HABER- Ceren AKYIL
Amed Emek ve Demokrasi Platformu üyeleri bir araya gelerek, Diyarbakır’da bir hafta içinde yaşanan iki inşaat kazasında üç işçinin hayatını kaybetmesine dikkat çekti. İş güvenliği ihmallerine ve cezasızlık politikasına karşı çağrıda bulunarak yetkililere seslendi.
“KAZA DEĞİL İŞ ÇİNAYETLERİDİR”
Basın metnini okuyan, TMMOB Eş Başkanı Ufuk Bulut, geçtiğimiz hafta inşaat alanında hayatını kaybeden işçileri anarak, “Diyarbakır'da peş peşe yaşanan iş cinayetlerinde Harun Aksel, Ahmet Şimşek ve Salih Dağlı, inşaat traktör tamiri işleri sırasında hayatlarını kaybetti.
Yitirdiğimiz işçileri unutmayacağız! Diyarbakır'da ihmaller sonucu meydana gelen bu ölümler, ülkemizin utanç verici gerçeklerinden birini bir kez daha yüzümüze çarpmıştır. Sadece Diyarbakır'da değil, Türkiye'nin dört bir yanında işçiler; alınmayan önlemler ve denetlenmeyen işyerleri nedeniyle yaşamını yitiriyor. Önlenebilir bu ölümler ‘kaza’ değil, açıkça iş cinayetidir” dedi.

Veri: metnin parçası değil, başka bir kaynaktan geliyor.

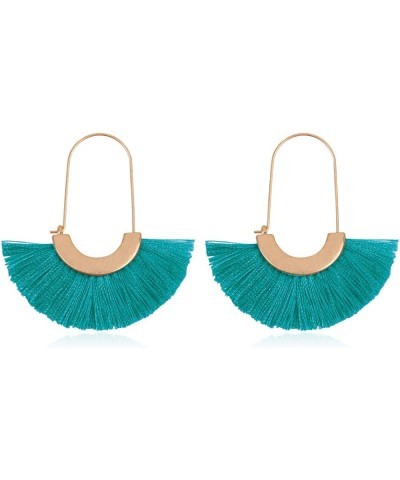 Bohemian Silky Thread Tassel Strand Fringe Statement Hoop Earrings - Lightweight Semi Circle Fan Threader, Mermaid Hoops Fan ...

“TÜRKİYE İŞ CİNAYETLERİNDE DÜNYADA ÜÇÜNCÜ SIRADA”
Bulut, Diyarbakır’da son haftalarda yaşanan iş cinayetlerinin, işçi sağlığı ve iş güvenliğinin bu düzende maliyet kalemi olarak görüldüğünü iddia ederek, “Oysa biliyoruz ki bu ölümler önlenebilir. İş güvenliği kurallarına uyulsa, etkin denetimler yapılsa, cezalar caydırıcı olsa bu işçiler bugün hayatta olurdu. Her gün ortalama altı işçi, çalışırken hayatını kaybediyor. Türkiye, iş cinayetlerinde Avrupa'da birinci, dünyada ise üçüncü sırada. Bu korkunç tabloya rağmen gerekli yapısal değişiklikler bir türlü hayata geçirilmiyor. Patronlar için cezasızlık artık bir güvence haline gelmiş durumda. Çalışma Bakanlığı ise asli sorumluluklarını yerine getirmemekte; işçilerin yaşam hakkını koruyacak mekanizmaları işletmemektedir” diye konuştu.

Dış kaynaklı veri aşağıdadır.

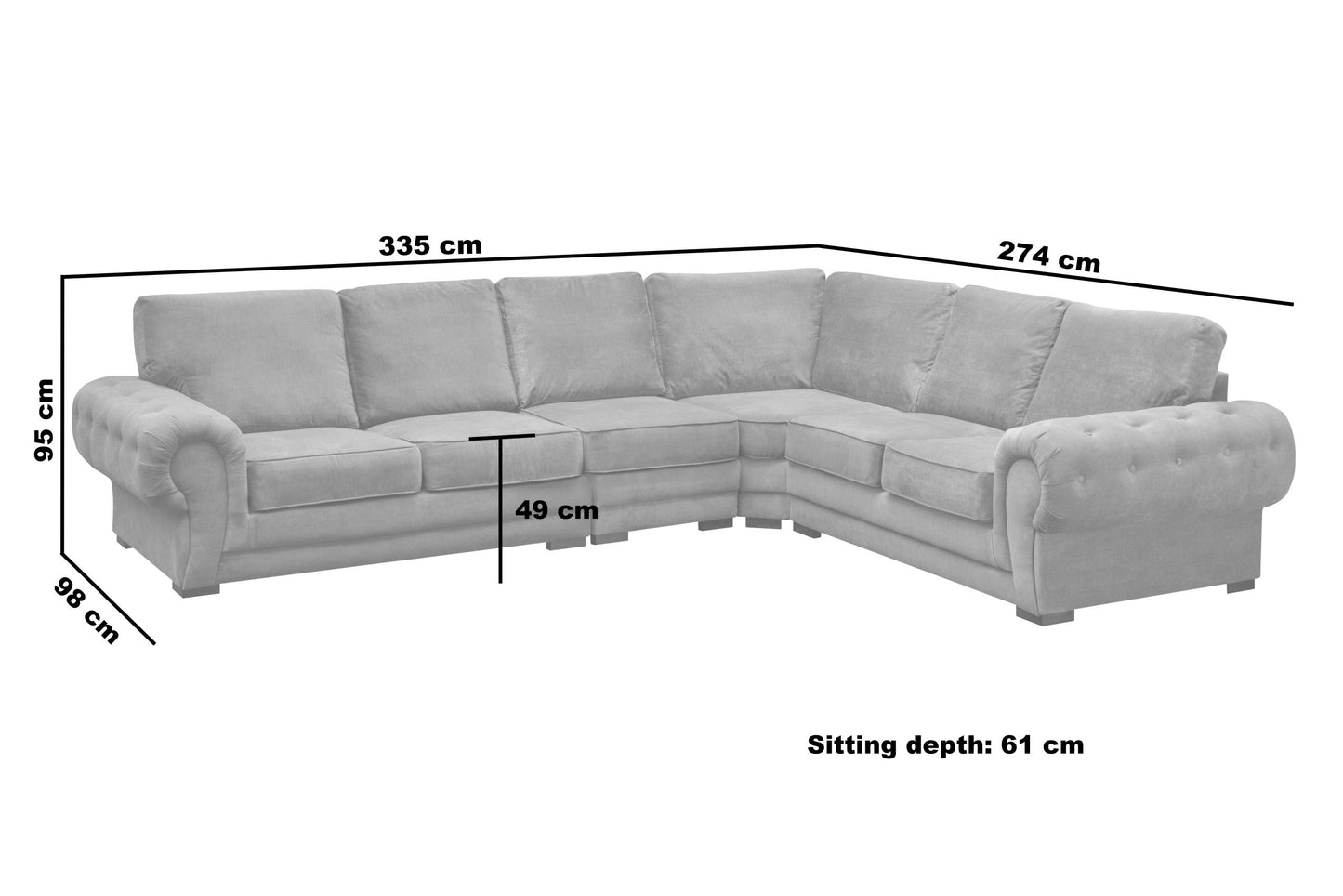 Verona Extended Corner Sofa – Formal Back Cushions – ABI Convenient Store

“YETKİLİLERE SESLENİYORUZ”
Bulut son olarak iş güvenliği mevzuatının etkin bir biçimde uygulanması gerektiğinin altını çizerek şöyle dedi:
“Her iş cinayetinin sorumluları yargı önünde hesap vermelidir. İşçi sağlığı ve iş güvenliği mevzuatı etkin bir biçimde uygulanmalıdır. Denetimler göstermelik değil, gerçekçi ve bağımsız olmalıdır. Taşeronlaştırma, güvencesiz ve kayıtdışı çalıştırma derhal sona ermelidir. Ve bizler, emeğiyle geçinenler; iş cinayetlerinde kaybettiğimiz kardeşlerimizin hesabını sormaktan, adalet istemekten asla vazgeçmeyeceğiz. Her bir işçi için, her bir can için bu düzene karşı mücadelemizi büyüteceğiz. Diyarbakır'da yitirdiğimiz işçilerin isimleri bizim mücadelemizde yaşayacak. Bu düzeni değiştirecek olan, örgütlü ve dayanışmacı emeğin gücüdür. Yasamak istiyoruz! Çalışırken ölmek istemiyoruz!”